Speaker
Description
Designing and assembling highly complex quantum systems from their individual constituents provide an important milestone in quantum information science and quantum many-body physics. Cavity QED provides a means for efficient light-matter quantum interfaces, where the internal states of individual atoms can encode the information of the material system, whereas the cavity vacuum can act as the bosonic channel that mediates effective spin-spin interaction. Here, we investigate a new regime of cavity QED, which we call many-body QED. In this regime, the optical strong coupling of the light-matter interaction competes with the internal atom-atom interaction in the form of Rydberg excitations.

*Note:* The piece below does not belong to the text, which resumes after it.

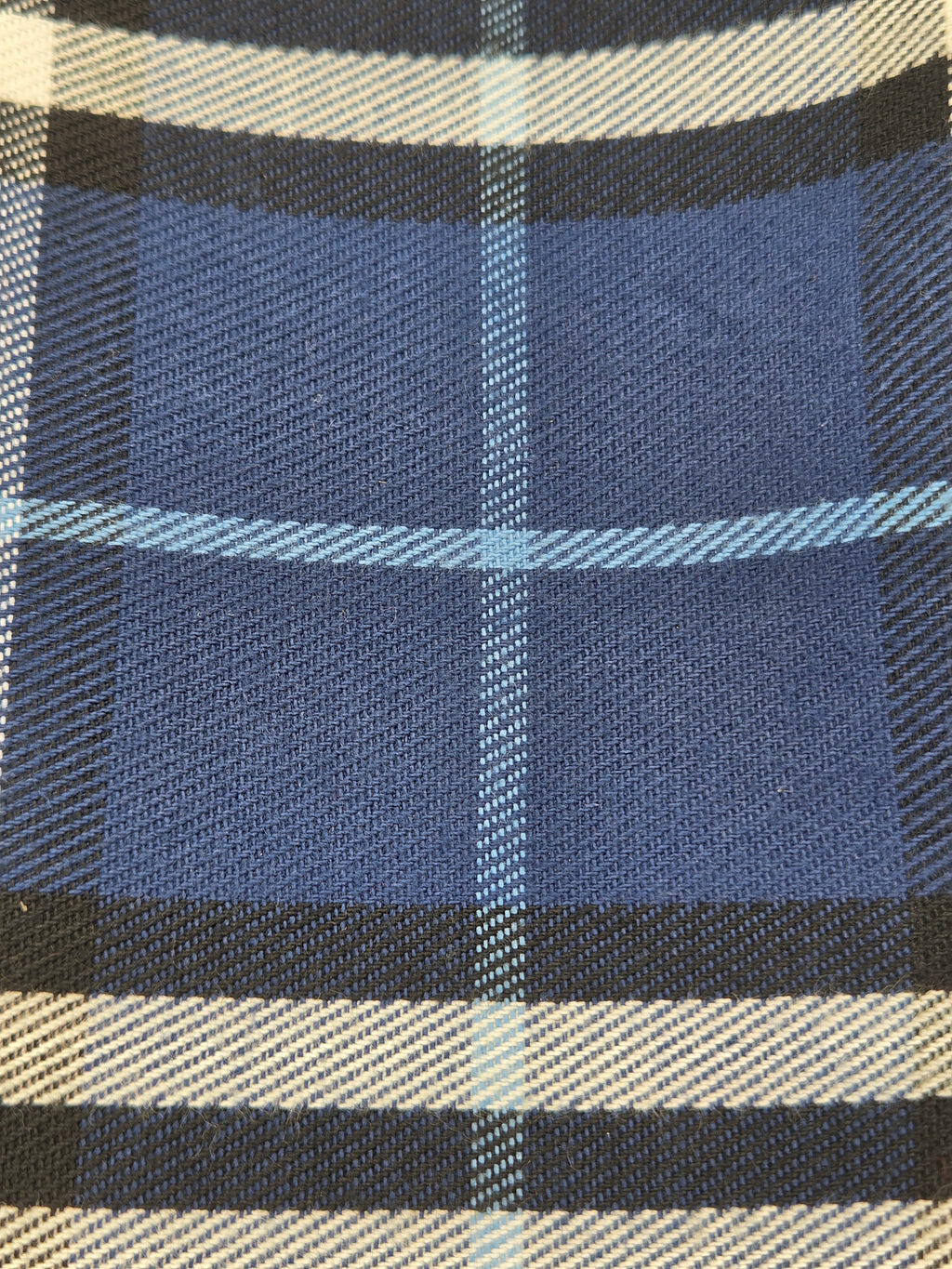 A close-up of a plaid fabric pattern featuring medium blue blocks, black and white vertical stripes, and thin light blue diagonal lines.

In our research group, we are pursuing an approach of introducing Rydberg excitations into a spatially regularized array of neutral atoms in an ultra-high-finesse optical cavity. A critical element required for this vision is the capability to resolve and identify Rydberg excitations, as well as to perform the real-time arrangement of atoms into a low-entropy state. We discuss how to do the trapping and manipulation of single neutral atoms in reconfigurable arrays of optical traps with micrometer resolution. This method is based on employing a Texas Instruments Digital Micro-Mirror Device (DMD) as a dynamical holographic phase-amplitude modulator with about 20 kHz update rate. The desired arrangement of traps (the Fourier transform of the mask) is produced in the focal plane of a microscope objective with NA of about 0.5, with a new phase-amplitude algorithm based upon superpixel techniques. We are trying to show how to perform high-precision modulations on laser beam profiles to create arbitrary potential landscapes or prepare the initial atomic states at the individual quanta level. In addition, we are trying to demonstrate a robust scheme to measure and compensate wavefront distortions of laser systems in-situ using a DMD as a holographic spatial light modulator. Our technique can be employed for resolving and trapping ultracold atoms in optical lattices, trapped ions, NV centers or other small, localized and fluorescent objects. We discuss the limitations of the technique and the scope for technical improvements.